Todo surge a partir de la publicación del ineludible “La fuerza de las ideas” de Sanguinetti, en donde se defiende la tesis de que la existencia del Uruguay como país independiente, más allá de las vicisitudes del lustro 1825-1830, tiene profundas raíces propias, hechas de autodeterminación, independencia, soberanía y personalidad, que de ninguna manera pueden ser relativizadas con la peregrina tesis según la cual somos el resultado de un “invento inglés”.
Sayagués, por su parte, inspirado en los trabajos de Guillermo Vázquez Franco (“Traición a la patria”, en su edición de 2021, desarrolla con detalle el argumento), hace hincapié en que nunca tuvimos voluntad real de independizarnos de las demás provincias argentinas entre 1825 y 1830, y que para asentar la idea de una nacionalidad propia y diferente a la argentina, destacados historiadores, como Pivel Devoto, por ejemplo, dedicaron imaginación y erudición a crear una “Cantata Artigueña” que disimuló hechos históricos claves.
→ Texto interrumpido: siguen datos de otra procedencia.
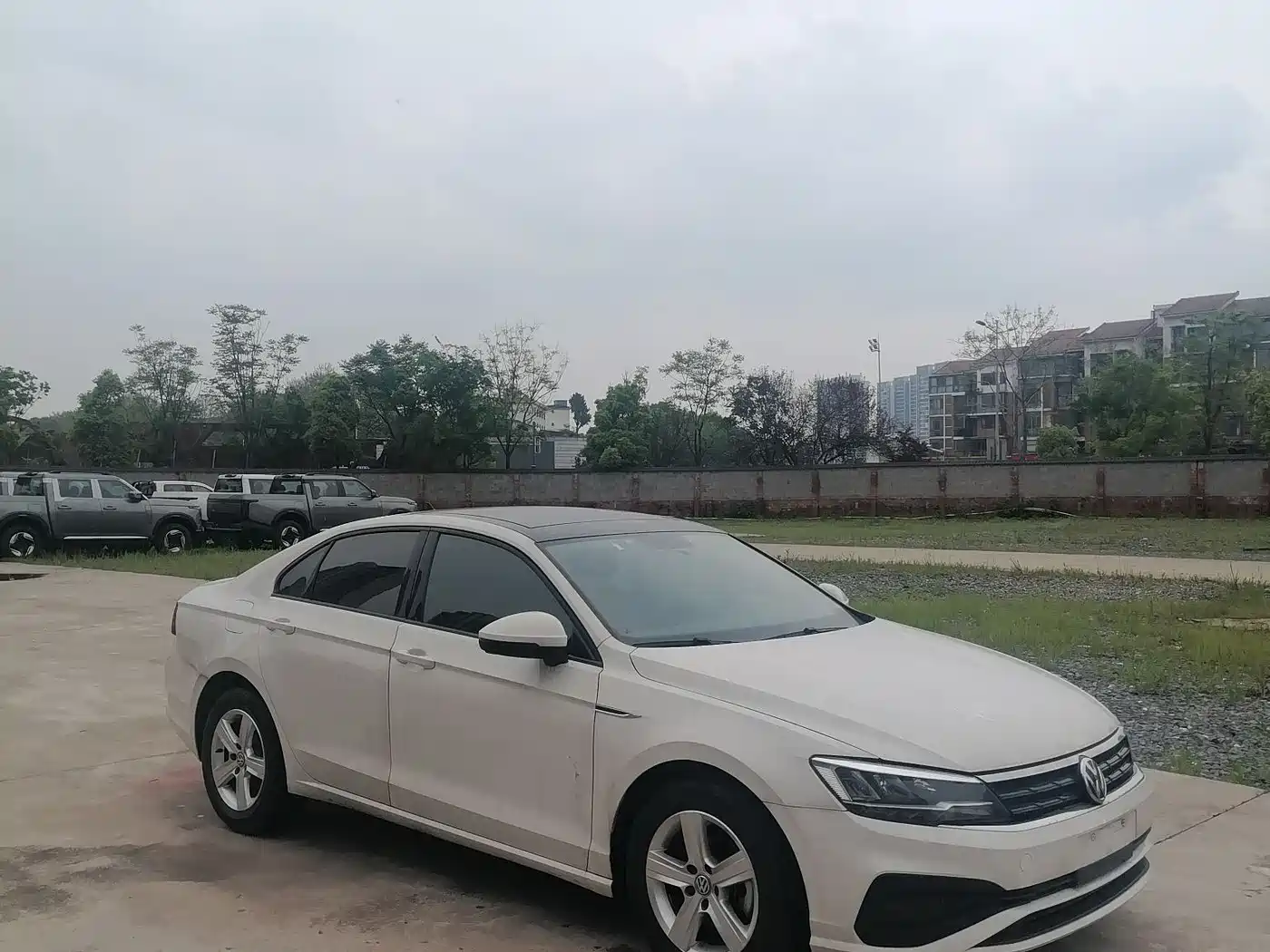 Volkswagen Lamando 2021 230TSI DSG Fashion Edition фото 3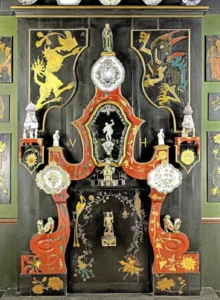 Victor Hugo (mobilier), Thomas Grigg (peinture), boiserie du manteau de la cheminée du salon chinois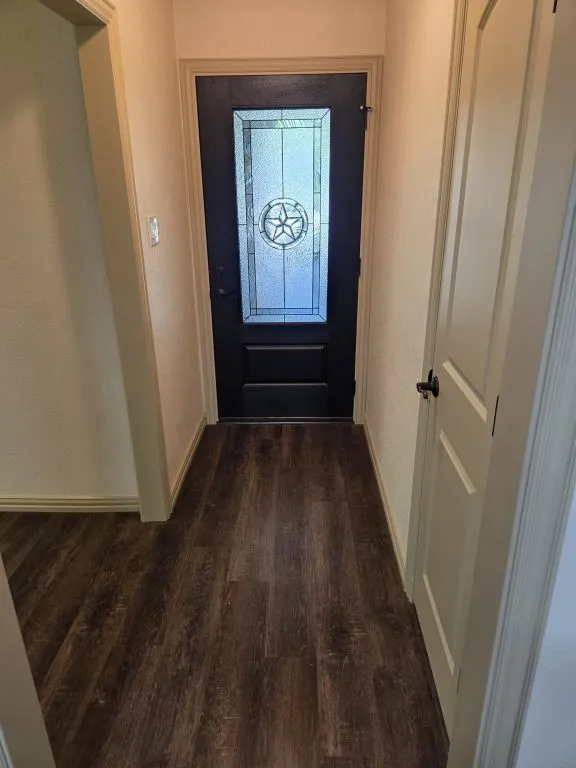 Single Family Residence For Sale in Tarrant County , 7408 Overhill Road, Fort Worth, Texas 76116, 3 Bedrooms, 2 Bathrooms, 2 Garage spaces, 1,449 Sqft, built in 1968, Preowned, Price $350,000, mls#21250272, Real Estate Agent in Fort Worth, Homes For Sale in Tarrant county, Homes For Sale in Fort Worth, Realtor in Fort Worth Texas, Real Estate Brokerage Independent Realty Texas, Luminita Cordes Realtor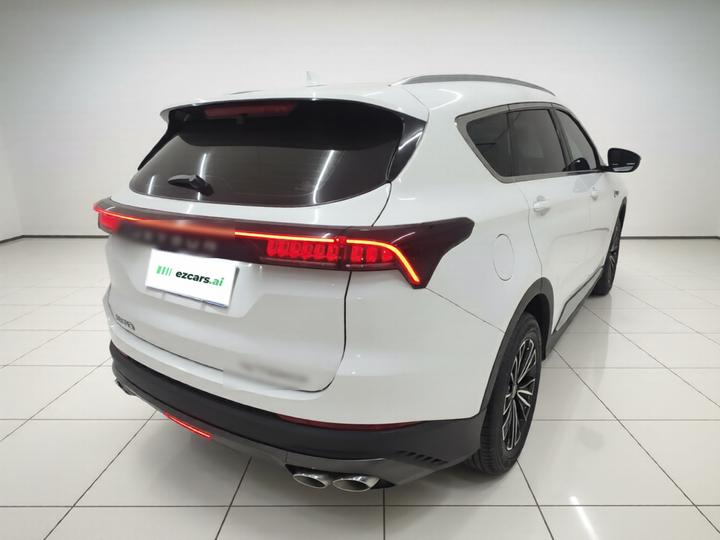 X70 PLUS 2022 1.5T CVT 5-Seater photo 4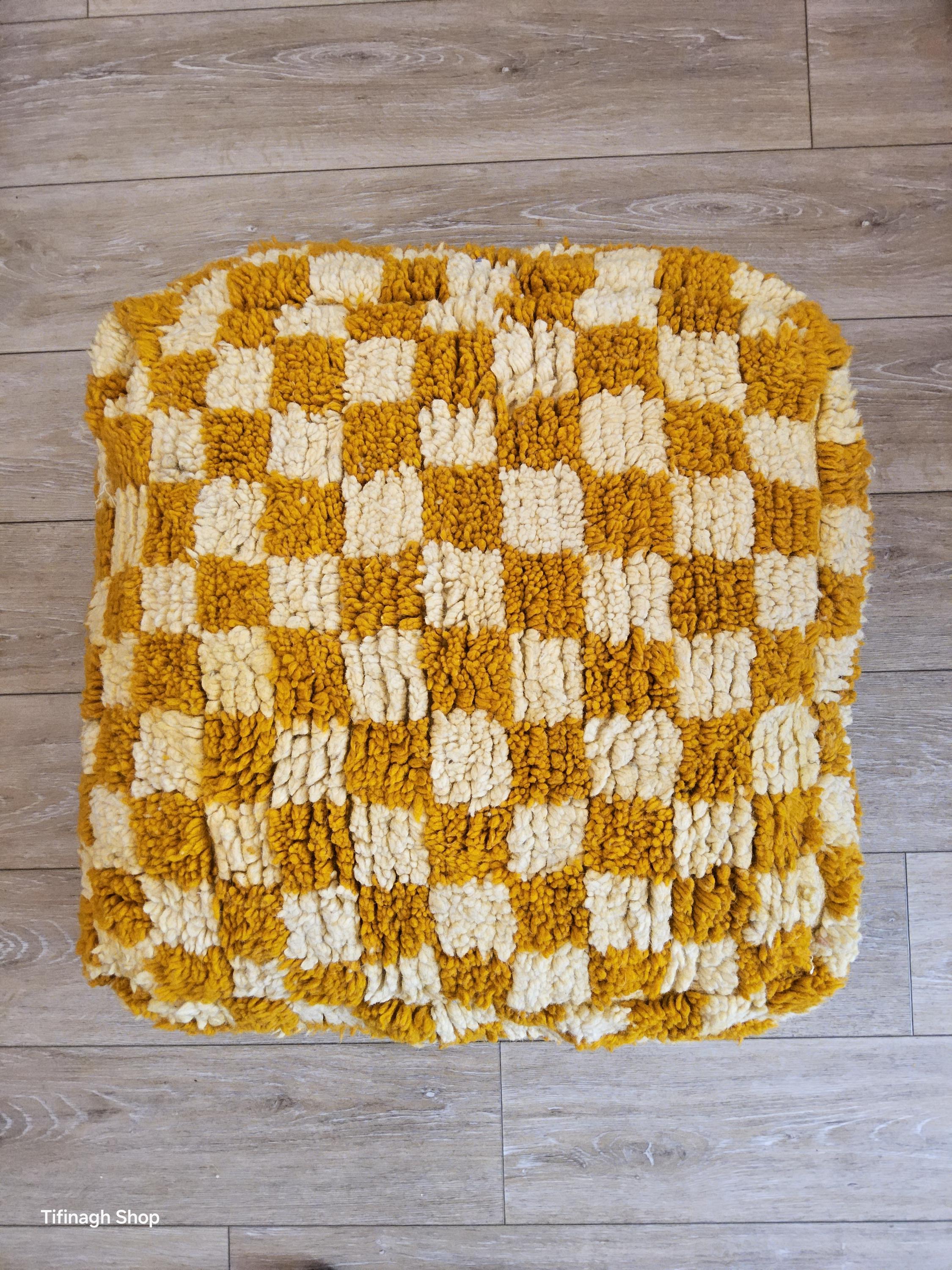 Pouf Berbère Damier En Laine Jaune Moutarde | 60x60x20cm Fait Main Durable Design Boho Chic Pour N'importe Quelle Décoration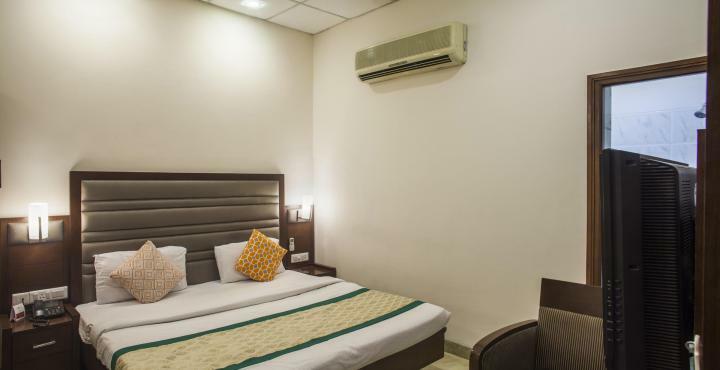 Mint Hotel Chandigarh Ngoại thất bức ảnh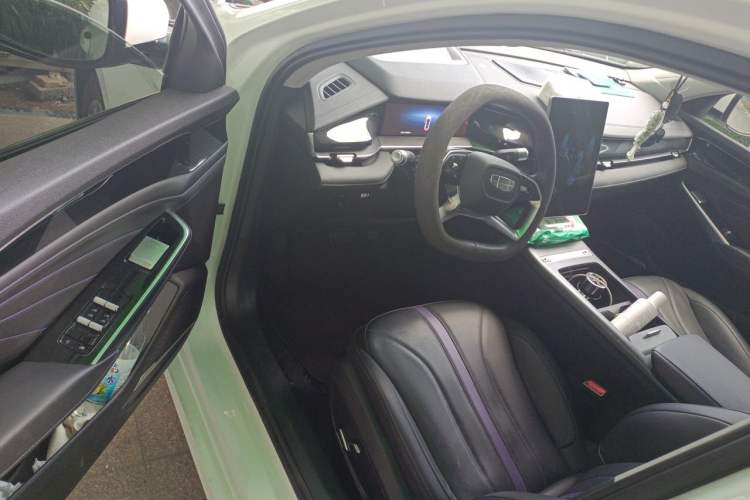 Used Geely Auto Preface 2024 Zhiqing 1.5TD Xingyun Edition Driver Seat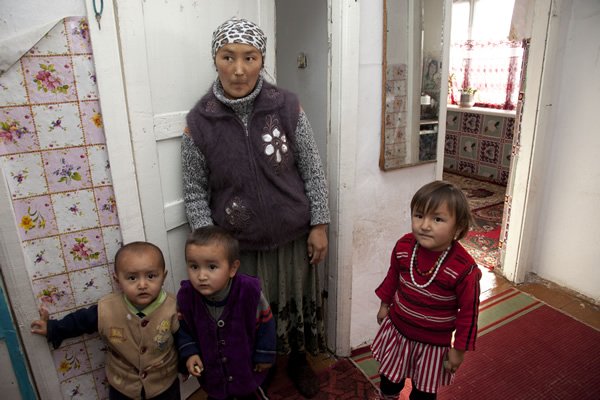 central asia, statelessness, women, children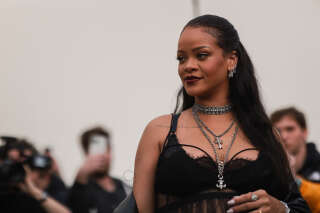 Rihanna lors de la Fashion Week de Paris le 01 mars 2022.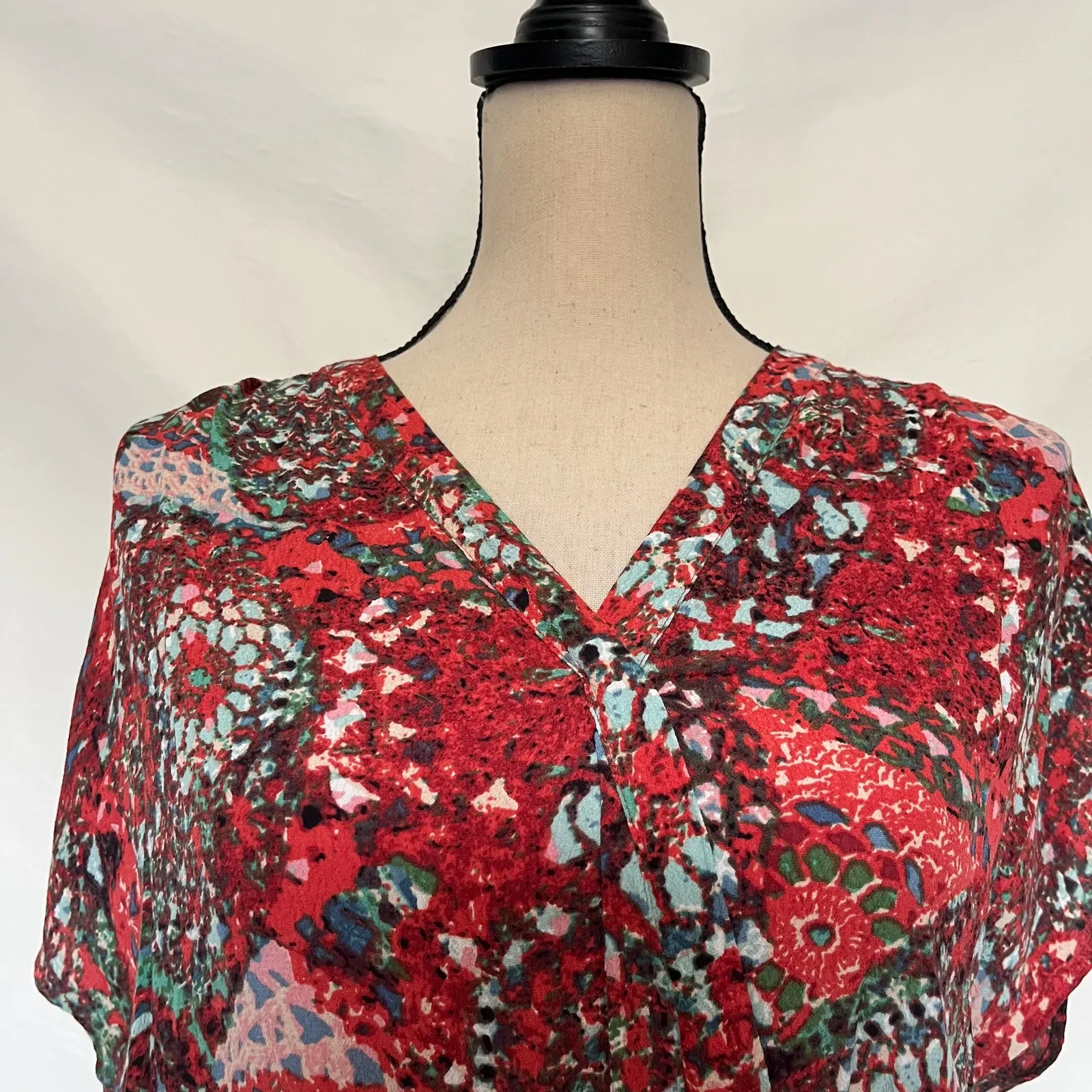 CAbi Mosaic Print V-neck Boho Dress Size M Garden Global Retro 70s Artsy Tribal - Image 4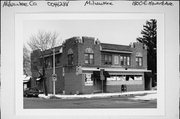 1800 E HOWARD AVE, a Spanish/Mediterranean Styles grocery store/supermarket, built in Milwaukee, Wisconsin in 1930.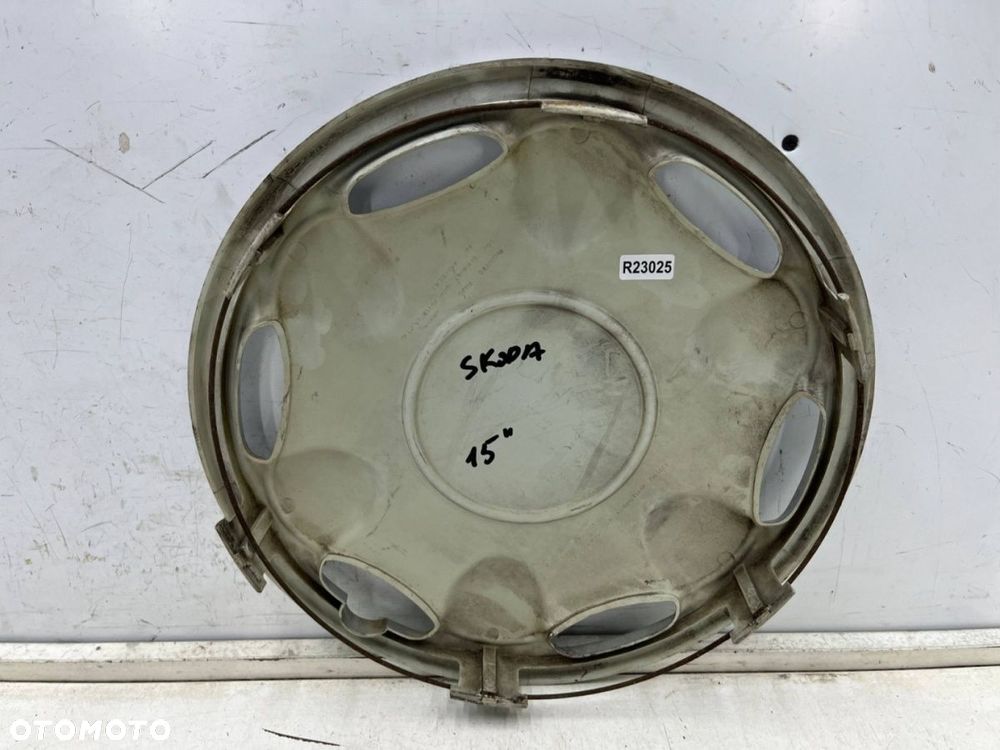 Kołpak Skoda 15 cali r15 jedna sztuka art40415 - 8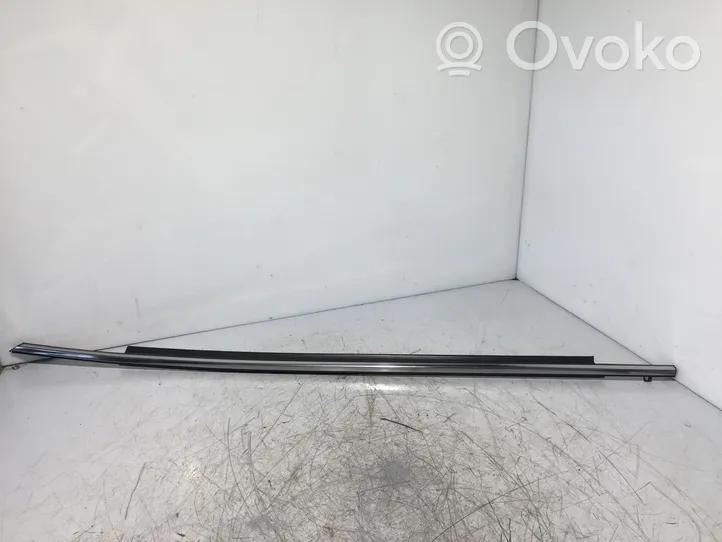 Mazda CX-5 Joint vitre de porte coulissante 1512220945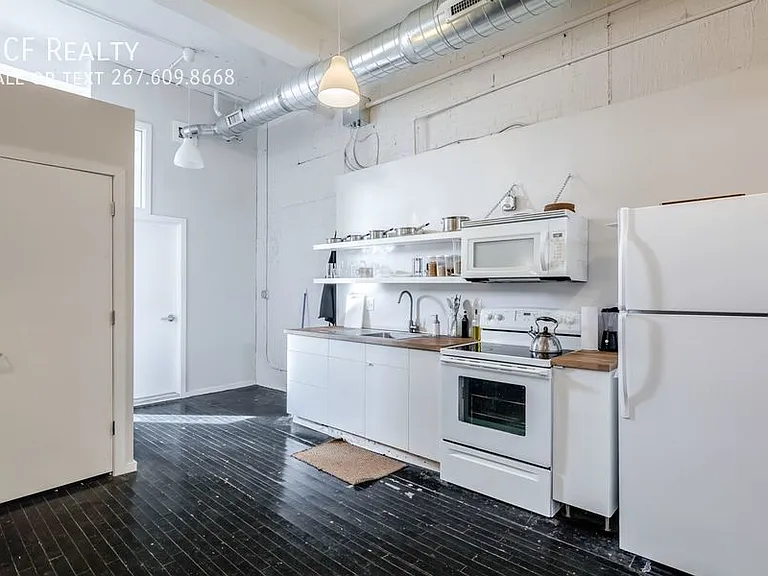 1804-08 E Hazzard St #1B — Photo 2
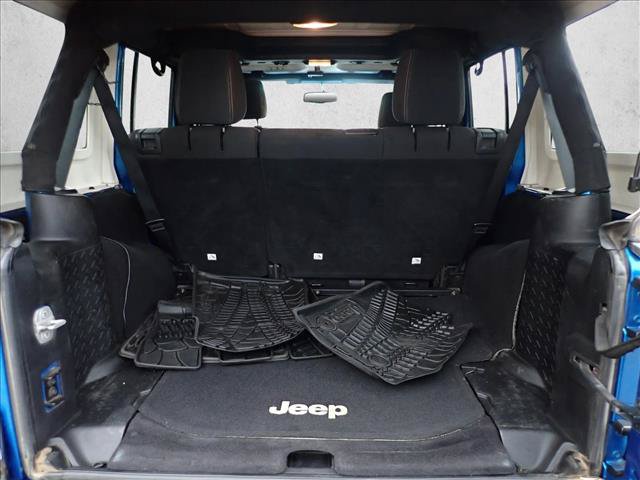 Used 2015 Jeep Wrangler Unlimited Rubicon w/ Connectivity Group AWD/4WD image 8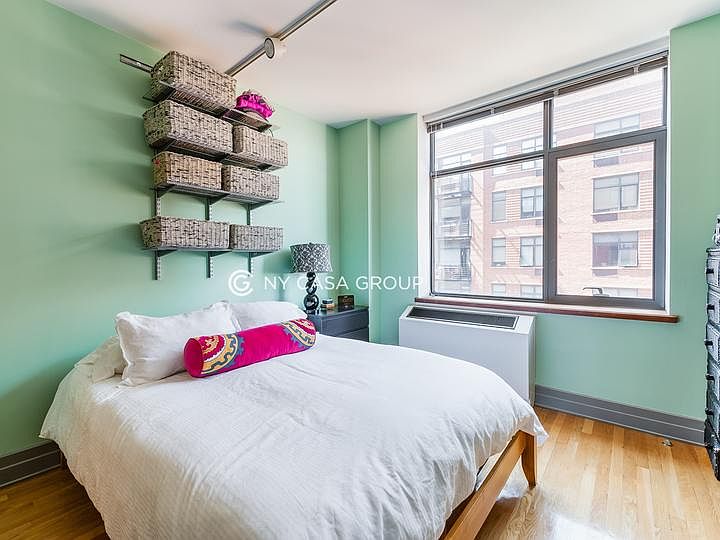 2nd image of 125 Court St APT 4SS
Sayagués concuerda con Sanguinetti en que hay que formar jóvenes en el orgullo de pertenecer a una República digna en la que valga la pena vivir. Y aquí está la clave de un debate que no es solo histórico. Si en un inicio no fuimos más que un invento inglés: ¿por qué no apostar a una patria grande que abandone nuestra identidad de Estado-nación y volver así al cauce de unidad natural con una gran Argentina?
Parte del malentendido es atribuir a los conceptos de patria y pueblo definiciones modernas.
No es que Sayagués lo crea, pero sí que hay poderosas corrientes de pensamiento, inspiradas en Abelardo Ramos y Alberto Methol, por ejemplo, que bogan por ello; y actores políticos relevantes, como por ejemplo José Mujica, que han trabajado mucho en ese sentido.
Parte del malentendido es atribuir a los conceptos de patria y pueblo definiciones modernas y ya marcadas por concepciones nacionalistas: en 1828 no había ninguna patria argentina tal como se la entendió luego en 1880, 1930, 1990 o 2020. Le asiste razón a Sanguinetti al mostrar signos claros de identidad particular en la Banda Oriental desde al menos 1811; y le asiste razón a Sayagués en señalar que, para delinear la identidad nacional, el Uruguay del siglo XX construyó un relato histórico sesgado en el que el protagonismo de Pivel, sin duda, fue fundamental.
El problema de fondo es el desliz que demasiadas veces ocurre entre aceptar cierta mano inglesa en nuestra Historia, y deducir luego que nunca fuimos diferentes a los porteños y que somos una misma nación que sufrimos una partición por causas extranjeras e imperialistas. La inteligencia de nuestro relato nacional y de nuestro nacionalismo republicano, en la que se inscribe Pivel, es valorar los mojones históricos que dan sentido de origen propio, a la vez que asientan una inclusión amplia (ni vencidos ni vencedores, ya en 1851) de extranjeros desarraigados aquerenciados a estas tierras, y cuyos hijos debían (y siguen debiendo) abrazar una identidad nueva y orgullosa de sí misma.
Somos orientales lisos y llanos. Como decía Herrera, con arresto y con halago: mi vaso es pequeño, pero yo bebo en mi vaso.